§ **Exercise details**: Your answer must be the exact lines below, starting with the line with "130726 - Wales" and going on through the line with "ホワイト系の水着を着用したレディースの春コーディネートの1枚目の写真", both included, with no pictures.

§ **Supplied material**:
######
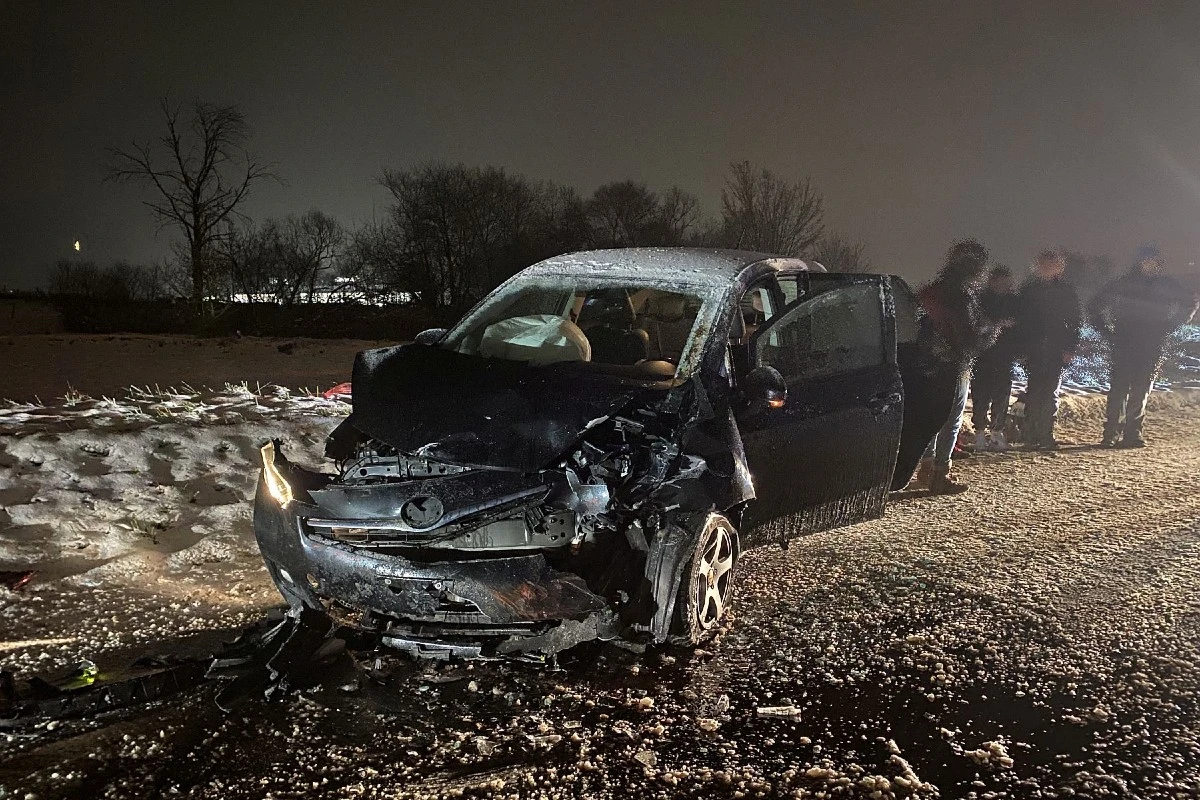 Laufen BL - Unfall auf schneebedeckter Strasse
######
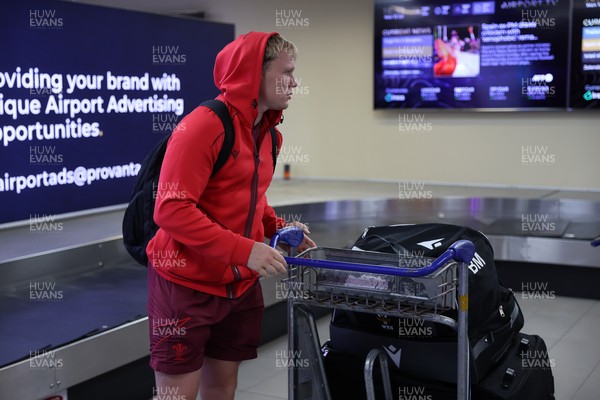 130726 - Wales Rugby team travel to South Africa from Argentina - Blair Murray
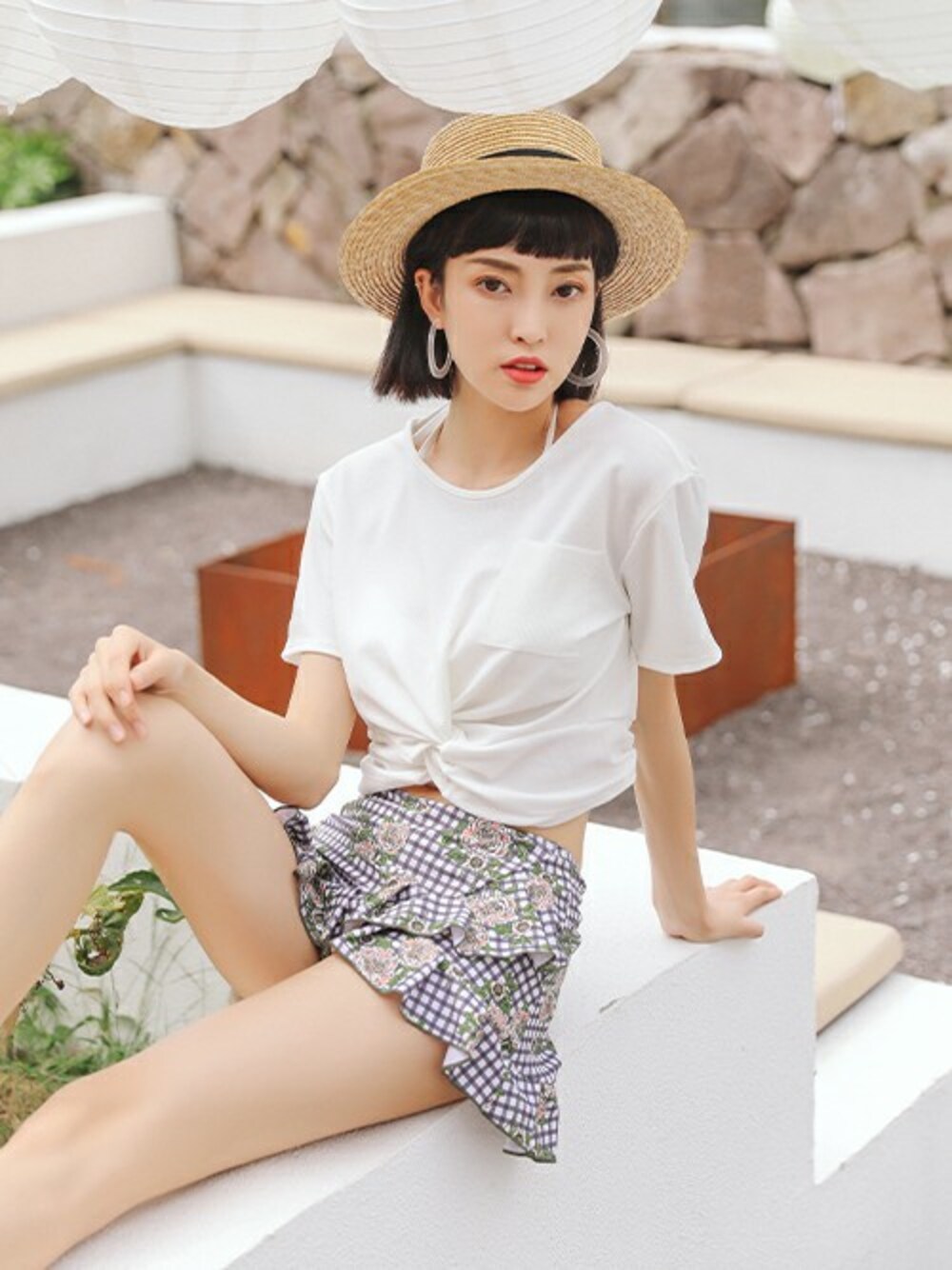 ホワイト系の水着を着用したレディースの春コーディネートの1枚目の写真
######
§ **Task result**:
 130726 - Wales Rugby team travel to South Africa from Argentina - Blair Murray
 ホワイト系の水着を着用したレディースの春コーディネートの1枚目の写真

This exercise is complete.